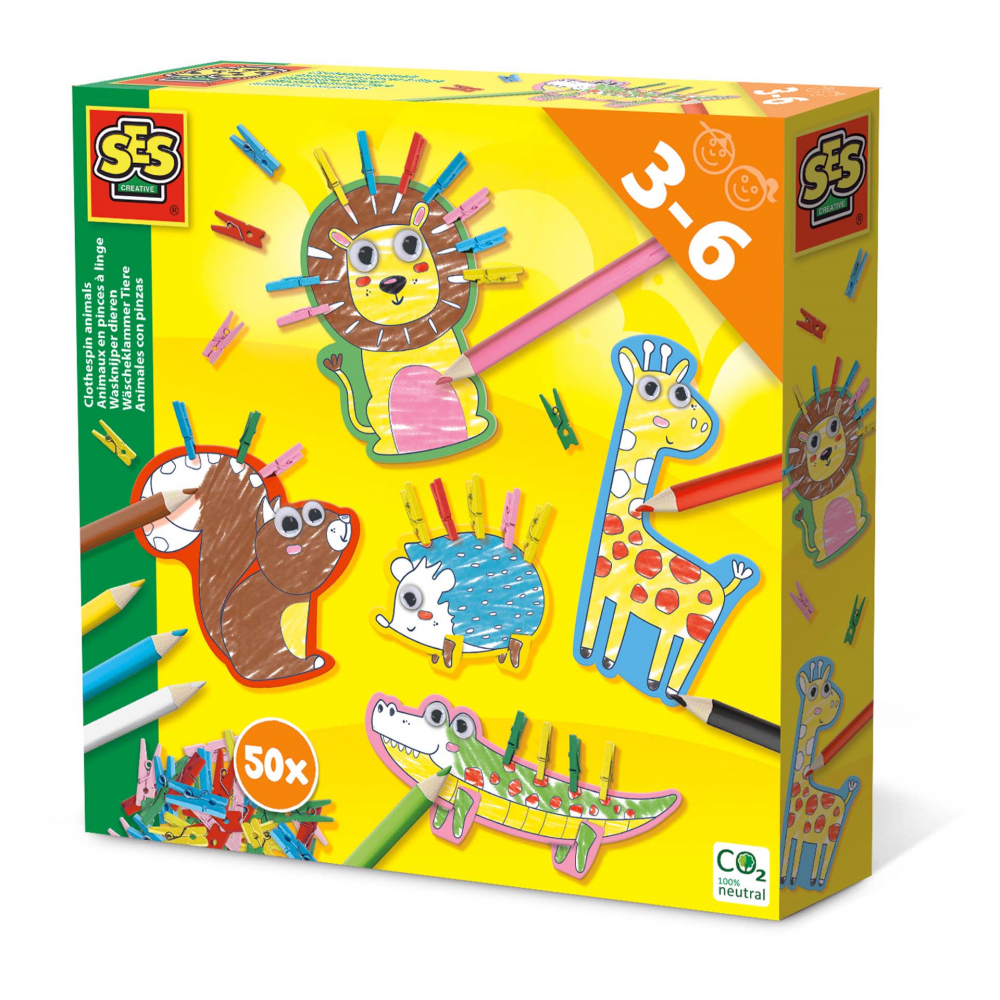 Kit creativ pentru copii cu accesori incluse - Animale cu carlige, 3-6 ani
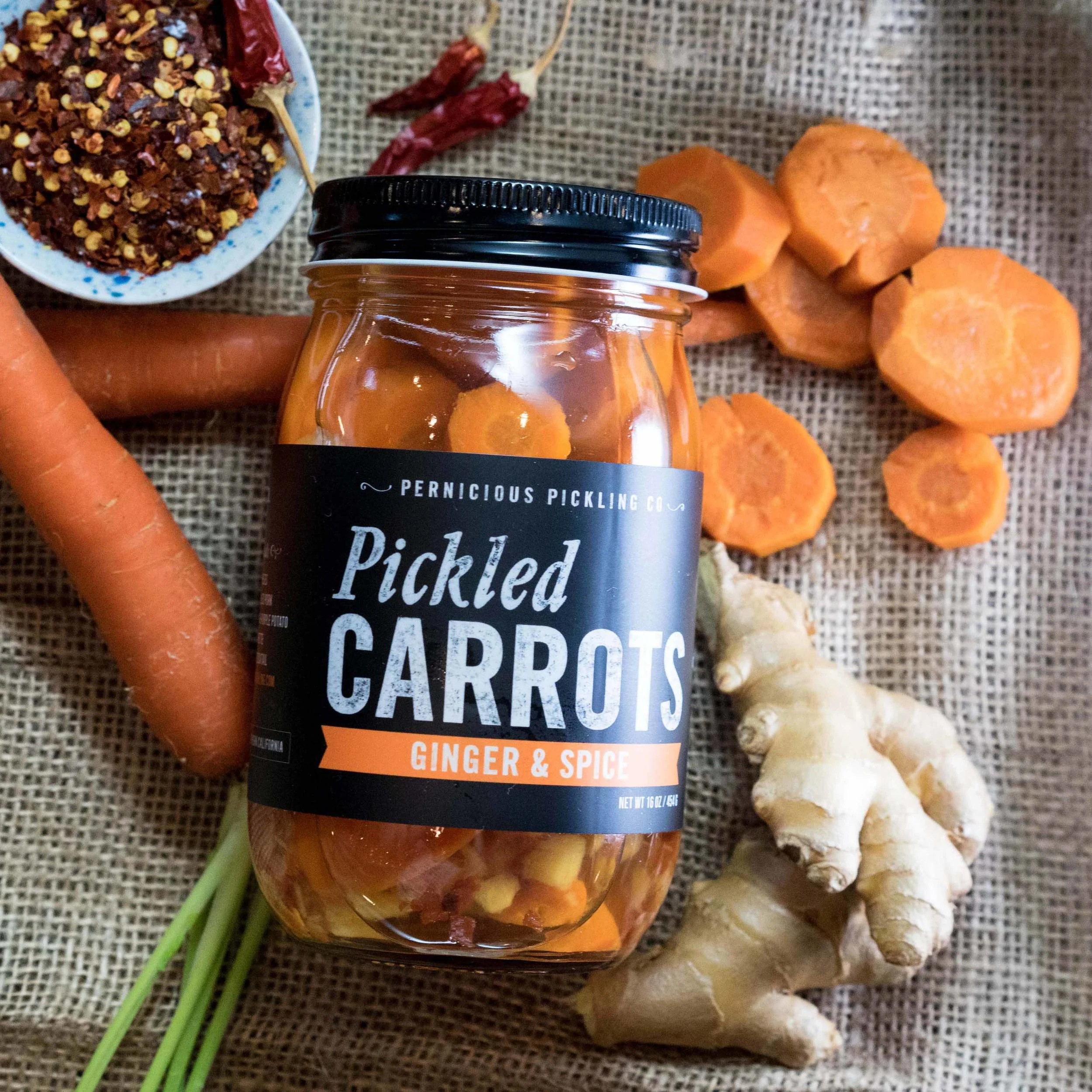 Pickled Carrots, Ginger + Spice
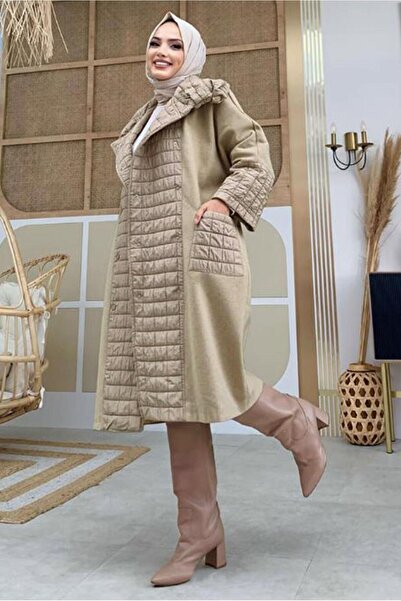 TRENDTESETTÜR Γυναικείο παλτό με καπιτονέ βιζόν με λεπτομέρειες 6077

━━━━

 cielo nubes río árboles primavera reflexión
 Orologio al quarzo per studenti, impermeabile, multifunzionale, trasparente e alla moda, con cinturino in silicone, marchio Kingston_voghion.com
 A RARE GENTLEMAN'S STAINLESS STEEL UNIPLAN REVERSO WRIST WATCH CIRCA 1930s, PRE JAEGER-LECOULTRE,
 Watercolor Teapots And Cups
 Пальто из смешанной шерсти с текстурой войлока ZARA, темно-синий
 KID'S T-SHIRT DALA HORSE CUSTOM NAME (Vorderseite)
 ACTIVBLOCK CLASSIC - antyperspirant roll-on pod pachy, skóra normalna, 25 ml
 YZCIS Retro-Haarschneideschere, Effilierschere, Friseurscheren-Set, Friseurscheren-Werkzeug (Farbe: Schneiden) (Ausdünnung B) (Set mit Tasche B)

━━━━

The task
Set down, exactly as they appear above, all lines from the one that has "Watercolor Teapots And Cups" down to the one that has "ACTIVBLOCK CLASSIC - antyperspirant", including those two and no others.

Exercise solution
 Watercolor Teapots And Cups
 Пальто из смешанной шерсти с текстурой войлока ZARA, темно-синий
 KID'S T-SHIRT DALA HORSE CUSTOM NAME (Vorderseite)
 ACTIVBLOCK CLASSIC - antyperspirant roll-on pod pachy, skóra normalna, 25 ml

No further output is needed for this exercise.